For more than 25 years, Nugent and Gramick campaigned across the country, in dioceses and numerous Catholic venues, including seminaries, convents, universities, colleges, chanceries and pastoral centers, conferences and congresses, in an effort to change the beliefs and attitudes of Catholics toward homosexual behavior and relationships.

A key component of this agenda was language manipulation, and convincing Catholics that “homophobia” was the great sin in society and especially in the Catholic Church. “Homophobia” needed to be extirpated with the greatest vigor and dedication, according to Nugent.

A major milestone in Fr. Nugent’s career as a change agent and social revolutionary was his role in helping to produce the U.S. bishops’ 1997 “pastoral letter” Always Our Children, along with the assistance of other known dissidents. This was at a time when Nugent was embroiled in a decades-long investigation by the Holy See over his dissident militancy on behalf of the homosexualist agenda.

Earlier that year, in March, New Ways Ministry celebrated its 20th anniversary with a conference in Pittsburgh, at which then-Bishop Matthew Clark of Rochester spoke and presided at the liturgy. Detroit Auxiliary Bishop Thomas Gumbleton called the failure of homosexual priests to “come out” a “loss” to the Church.

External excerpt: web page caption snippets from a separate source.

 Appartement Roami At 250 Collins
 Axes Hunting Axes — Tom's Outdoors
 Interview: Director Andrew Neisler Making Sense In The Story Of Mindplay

That Catholic attitudes toward homosexuality have shifted in 30 years from disapproval to acceptance to support, as documented by numerous polls and surveys — as well as by state legislatures — is a testimony to Nugent’s success in subverting the Church teaching in the minds of Catholic leaders and laity, and through them reaching the wider society.

As Fr. Enrique Rueda explained in his 1982 study, The Homosexual Network, New Ways Ministry (NWM), “is the dream of the homosexual movement come true . . . situated at the doors of the nation’s capital . . . with easy access to the highest concentration of seminaries and religious houses in the United States. The group specializes in publishing pro-homosexual literature with a Catholic flavor, lobbying for pro-homosexual legislation, holding educational and religious meetings for homosexuals and their sympathizers, and generally promoting the movement’s ideology.

“One of the group’s most important activities is serving as a center for a very extensive network of homosexual and pro-homosexual activists within the Church. . . .

“NWM,” Rueda continued, “describes itself as ‘an organization founded in 1977 to serve as a bridge between gay and non-gay groups…which has provided educational programs, resources, and consultation services for a wide variety of dioceses, seminaries, colleges, religious orders, universities, peace and justice groups, and has published documents from Holland and England.’ The pro-homosexual character of this organization is apparent to anyone reading its materials.”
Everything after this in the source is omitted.